About this exercise
Although the records contain pictures, repeat only the text of every line exactly.

(Short descriptive text snippets)
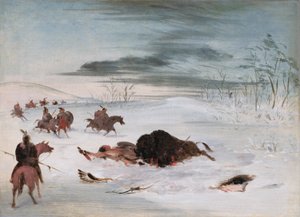 Sterbender Büffel in einer Schneeverwehung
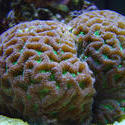 1268-brain_star_coral01313.JPG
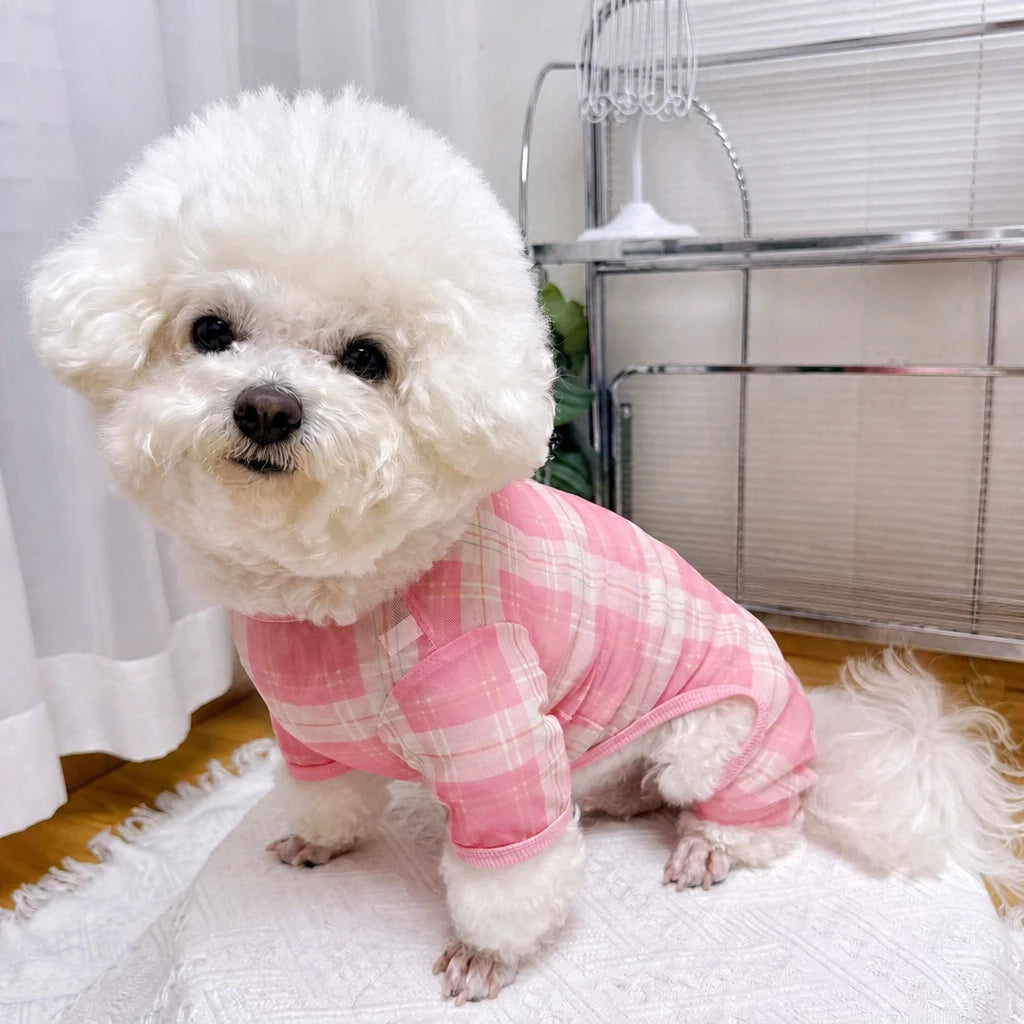 Striped Mesh Four-Leg Summer Shirt for Dogs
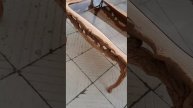 1000187953.mp4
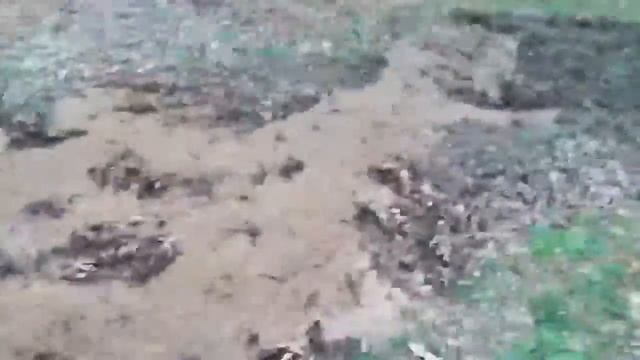 The river of doom ......... FOR ANTS смотреть онлайн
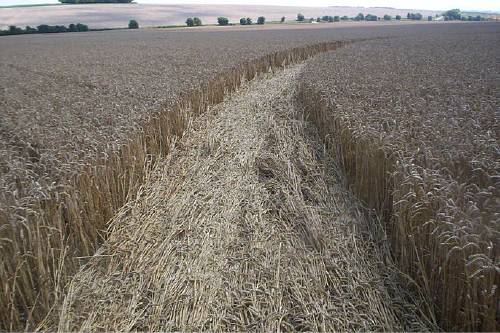 Blowingstone Hill, Oxfordshire crop circle, aerial photo 59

Solution to the exercise
 Sterbender Büffel in einer Schneeverwehung
 1268-brain_star_coral01313.JPG
 Striped Mesh Four-Leg Summer Shirt for Dogs
 1000187953.mp4
 The river of doom ......... FOR ANTS смотреть онлайн
 Blowingstone Hill, Oxfordshire crop circle, aerial photo 59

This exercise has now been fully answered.